Daniel crossed the room and extracted a bottle of brandy. “Two fingers?” he asked.
“Three. Please. It’s been a long day.”
Daniel poured the drink and brought it over. He had not touched alcohol since that fateful drunken night, but then again, he did not have a shattered leg that needed numbing.
“Thank you,” Hugh said, his voice somewhere between a groan and a whisper. He took a long swallow, and then another, closing his eyes as the fire rolled down his throat. “There,” he said, once he’d regained his composure. He set the glass down and looked up. “I was told that your injuries came at the hands of Lord Chatteris.”
“That was something else,” Daniel said dismissively. “I was attacked by two men as I was walking home this evening.”
Hugh straightened, his eyes sharpening. “Did they say anything?”
“They demanded money.”
“But did they know your name?”
Daniel shook his head. “They did not say it.”
Hugh was silent for a long moment, then said, “It’s possible they were ordinary footpads.”
Daniel crossed his arms and stared at him.
“I told you that I extracted a promise from my father,” Hugh said quietly. “He will not touch you.”
Daniel wanted to believe him. In fact, he did believe him. Hugh had never been a liar. Nor did he possess a vengeful nature. But was it possible Hugh had been duped?
“How do I know your father can be trusted?” Daniel asked. “He has spent the last three years in the pursuit of my death.”
“And I have spent the last three years convincing him that this”—Hugh curled his lip and waved his hand over his ruined leg—“was as much my fault as yours.”
“He would never believe that.”
“No,” Hugh agreed. “He is a stubborn ass. He always has been.”
It was not the first time Daniel had heard Hugh refer to his father in such terms, but still, he was taken aback. There was something about the plainness of Hugh’s tone that was unnerving.
“How can I know that I will be safe?” Daniel demanded. “I returned to England on the strength of your word, on your belief that your father would honor his promise. If something happens to me, or if, God help you, any member of my family, I will hunt you down to the ends of the earth.”
Hugh did not need to point out that if Daniel was killed, there would be no hunting to be done.
“My father signed a contract,” Hugh said. “You have seen it.”
Daniel even possessed a copy. So did Hugh and Lord Ramsgate, and Hugh’s solicitor, who was under strict instructions to keep it under lock and key.
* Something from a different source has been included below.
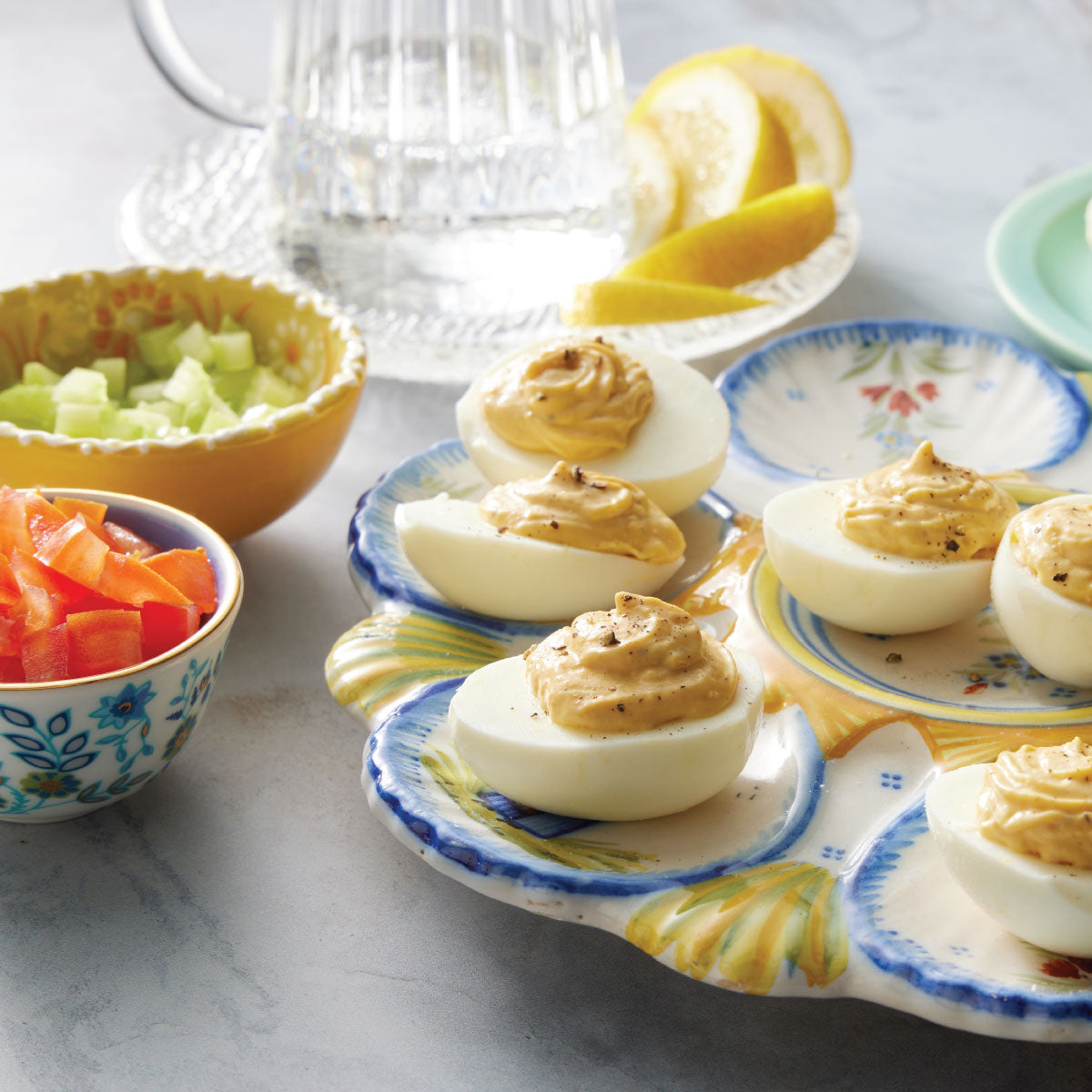 Bloody Mary Deviled Eggs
But still . . .
“He would not be the first man to disregard a signed document,” Daniel said in a low voice.
“Indeed.” Hugh’s face was pinched, and there was a long-standing look to the shadows under his eyes. “But he will not disregard this one. I have made sure of it.”
Daniel thought of his family, of his sister and mother, and his rollicking, giggling Pleinsworth cousins, whom he was just beginning to know again. And he thought of Miss Wynter, her face springing to the forefront of his mind. If something happened to him before he had the chance to know her . . .
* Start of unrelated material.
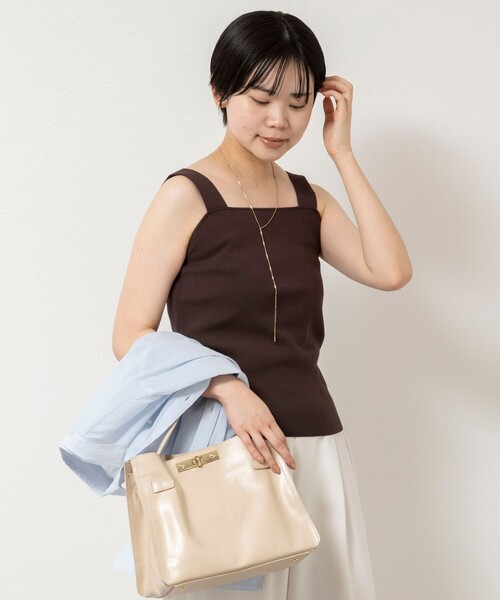NOLLEY’S Sophi(ノーリーズソフィ)の「《手洗い可能》総針ニットキャミ(ニット/セーター・レディース・ダークブラウン/ホワイト/ブラック・FREE)」の22枚目の写真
If something happened to her . . .
“I need to know how you can be so certain,” Daniel said, his voice dropping into a furious hush.
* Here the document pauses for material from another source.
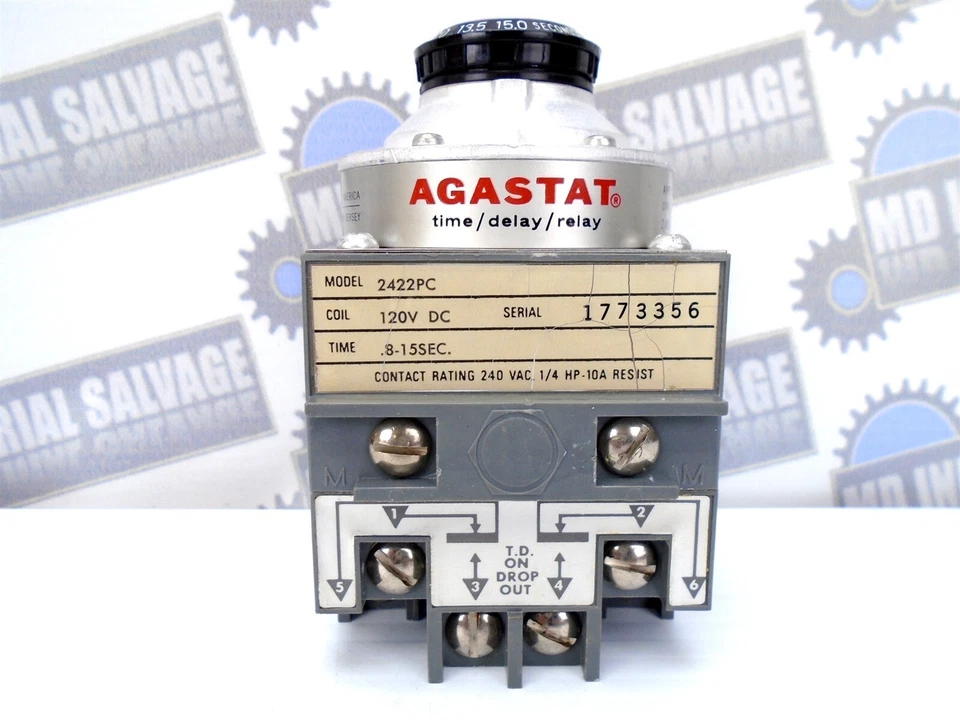 AGASTAT - 2422PC TIME DELAY RELAY - 240 VAC 1/4HP - Coil 120 VDC - .8-15 Sec NEW - Image 2 of 4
“Well . . .” Hugh brought his glass to his lips and took something deeper than a sip. “If you must know, I told him that if anything happens to you, I would kill myself.”
If Daniel had been holding anything, anything at all, it would have crashed to the ground. It was a remarkable thing that he did not crash to the ground.
“My father knows me well enough to know that I do not say such a thing lightly,” Hugh said, lightly.